Data to use:
- Opening Delimiter -
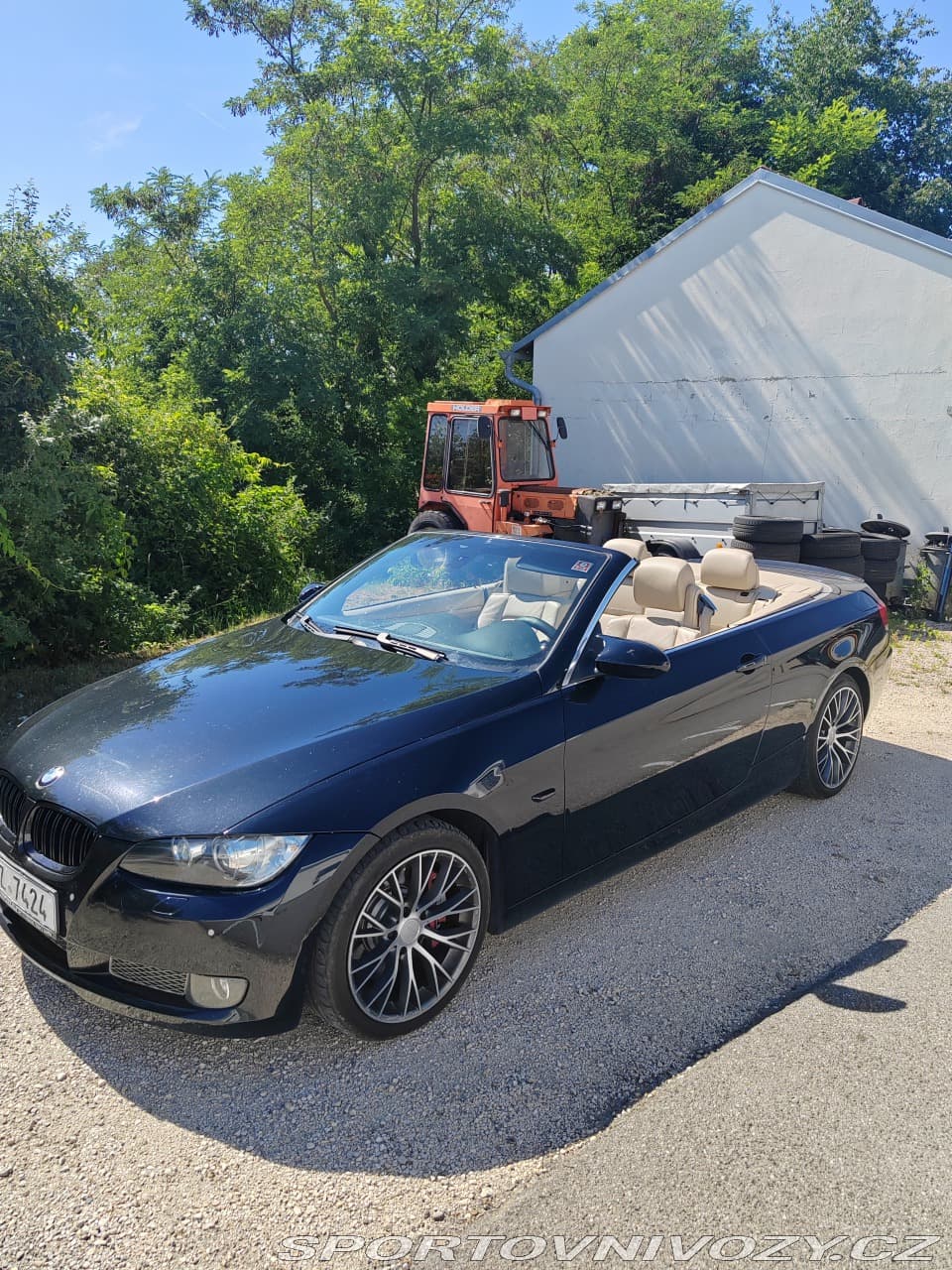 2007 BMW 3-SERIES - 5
- Closing Delimiter -
- Opening Delimiter -
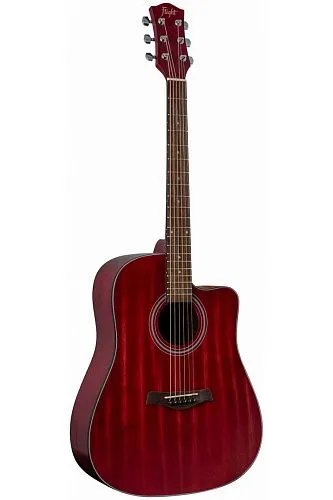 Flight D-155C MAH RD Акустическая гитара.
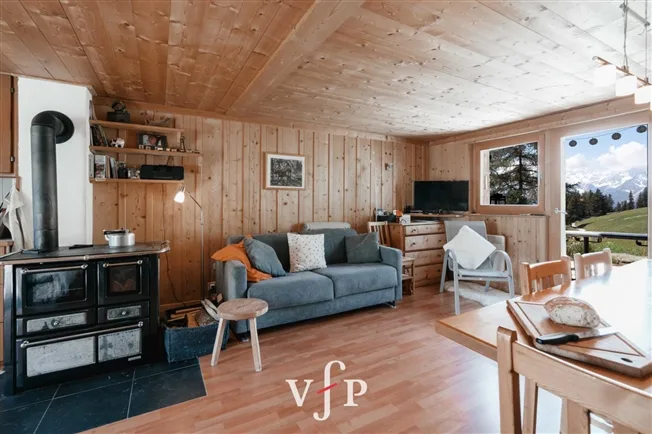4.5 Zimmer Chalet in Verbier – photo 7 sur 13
- Closing Delimiter -
What to do: Both the line containing "Flight D-155C MAH RD Акустическая гитара." and the line containing "4.5 Zimmer Chalet in Verbier – photo 7 sur 13" above belong in the output, as do the lines between them. Print them exactly, without pictures.

Exercise solution:
 Flight D-155C MAH RD Акустическая гитара.
4.5 Zimmer Chalet in Verbier – photo 7 sur 13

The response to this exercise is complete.